Толстого, Достоевского, Некрасова и др.) дал возможность определить
огромную роль Салтыкова-Щедрина в литературе 70 – 80 годов XIX столетия.
Глава I. Эволюция народного миросознания в романе «История одного города».
1.1 Народ в понимании М.Е. Салтыкова-Щедрина.
Истоки народности М.Е. Салтыкова-Щедрина нужно искать во всем творческом наследии, которое предшествовало написанию «Истории одного города». Только поняв гражданскую позицию автора романа, его самобытность и художественно-публицистический талант, можно осознать подлинную прогрессивность, социальную значимость и органическую народность «Истории одного города».
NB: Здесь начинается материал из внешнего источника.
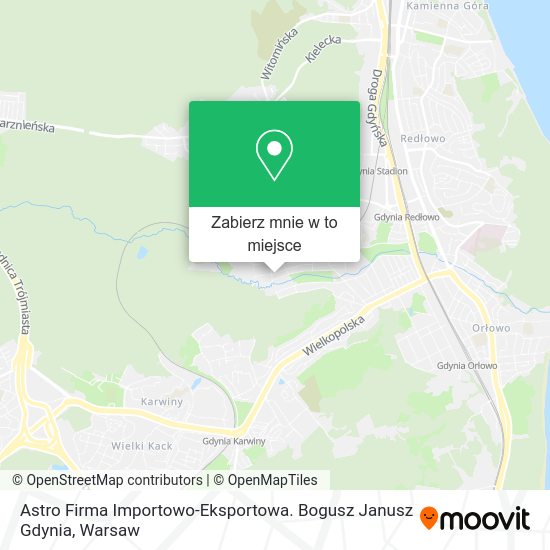 Mapa Astro Firma Importowo-Eksportowa. Bogusz Janusz Gdynia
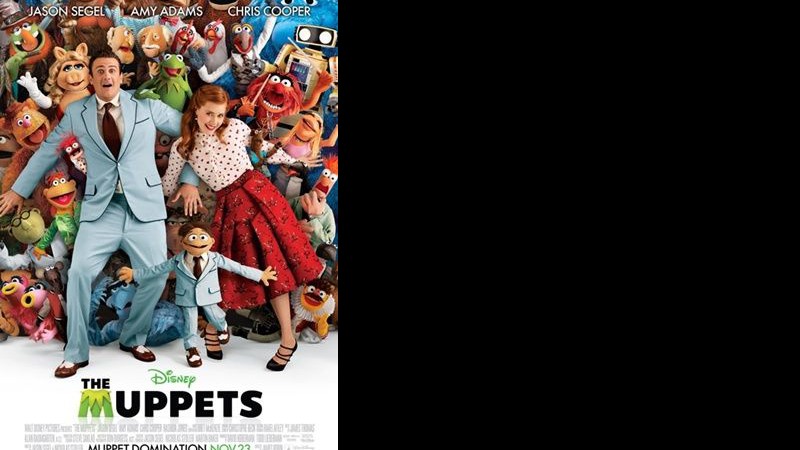 Jason Segel e Amy Adams em pôster de <i>Os Muppets</i> - Divulgação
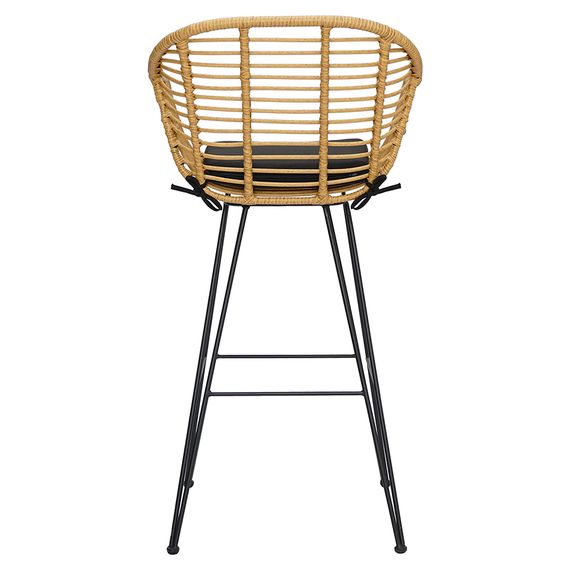 Стул барный Vetle Bent, ротанг, изображение 13
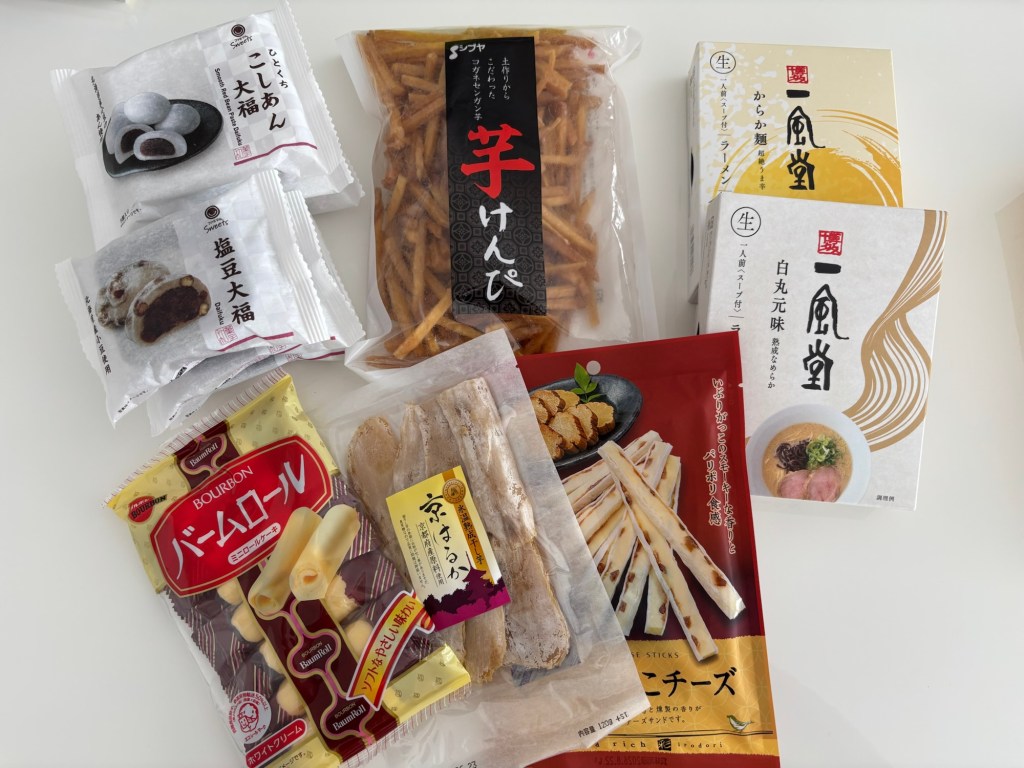 大福、お菓子、ラーメン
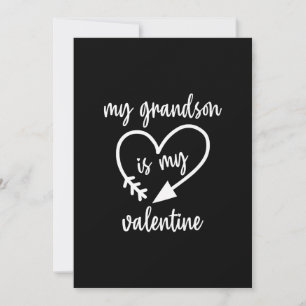Cartes Pour Fêtes Annuelles Mon petit-fils est mon Saint-Valentin Cute la Sain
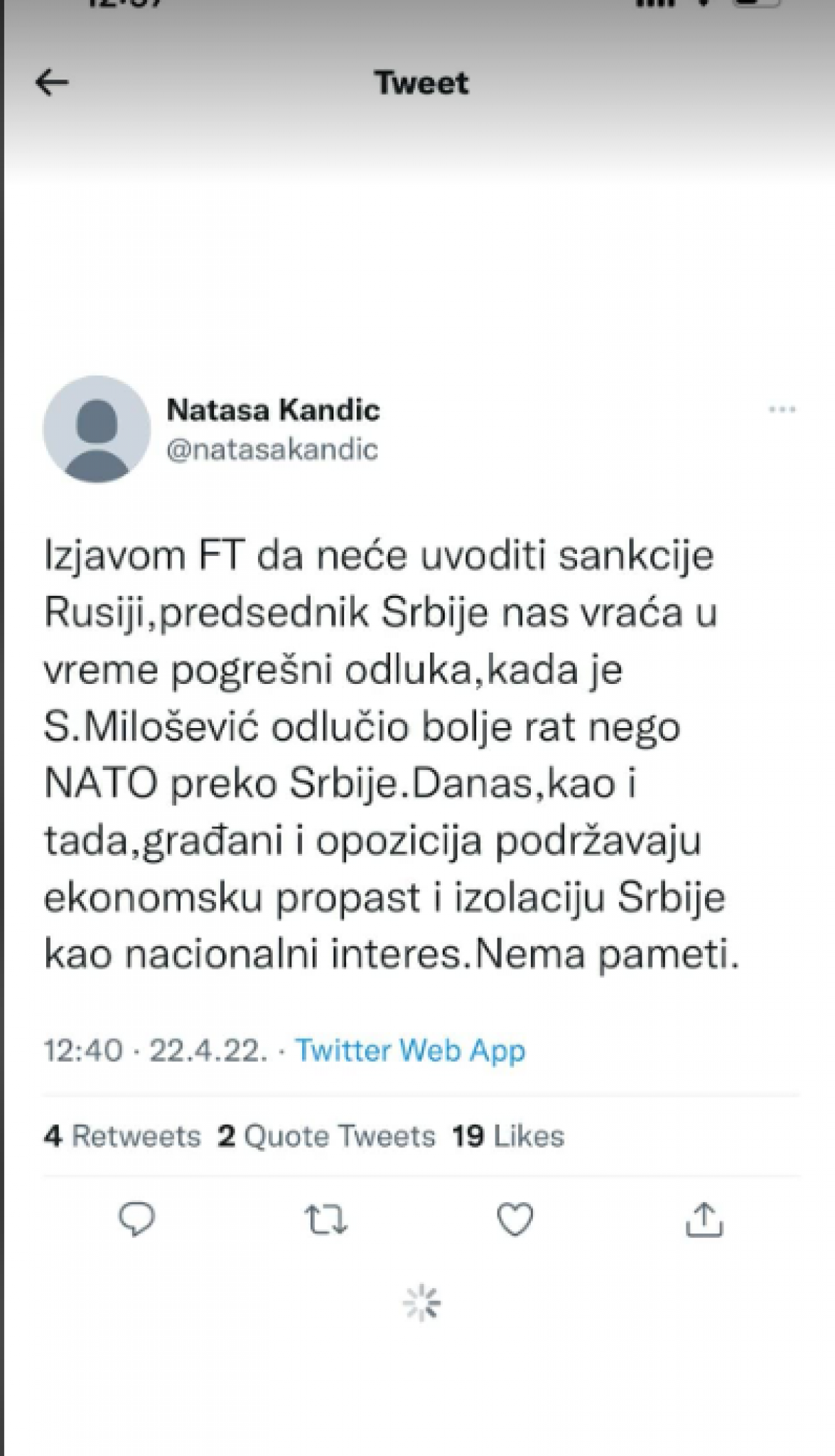 Nataša Kandić žestoko napala predsednika Vučića zbog nezavisne politike koju vodi Srbija!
Салтыков-Щедрин вошел в большую литературу «Губернскими очерками». Они
создавались в самом начале 60-х годов XIX века. Демократизм автора заявляет
о себе открытым сочувствием «бедному труженику» - крестьянину, прежде
всего, и столь же открытой враждебностью всему «господски»-дворянскому. Это
слышится в патетике авторских деклараций-признаний: «я вообще чрезвычайно
люблю наш прекрасный народ». С отвлеченным человеколюбием связаны гуманно-
«жалостливые» характеристики крестьян вроде «некрута» Матюши – «славного, смирного парня… не то чтоб веселого, а скорей боязного, трудолюбивого и
честного». «Я вижу его за сохой, бодрого и сильного, несмотря на капли
пота, струящиеся с его загорелого лица; вижу его дома безропотно
исполняющего всякую домашнюю нужду; вижу в церкви божией, стоящего скромно
и истово знаменующегося крестным знамением; вижу его поздним вечером, засыпающего сном невинных после тяжкой дневной работы…для него никогда не
кончающейся» [21, 79].
Салтыков-Щедрин любуется большой нравственной силой, которая живет в
неприметных, даже внешне «убогих» представителях народа. Вопрос о народе
как силе общественно-политической пока не ставится. Щедрина интересует
внутренняя, морально-психологическая сторона жизни простого человека [16,
186]. Ему удается разглядеть вековечную народную тоску по идеалам добра и
справедливости, способность простолюдина на «душевный подвиг» во имя идеи.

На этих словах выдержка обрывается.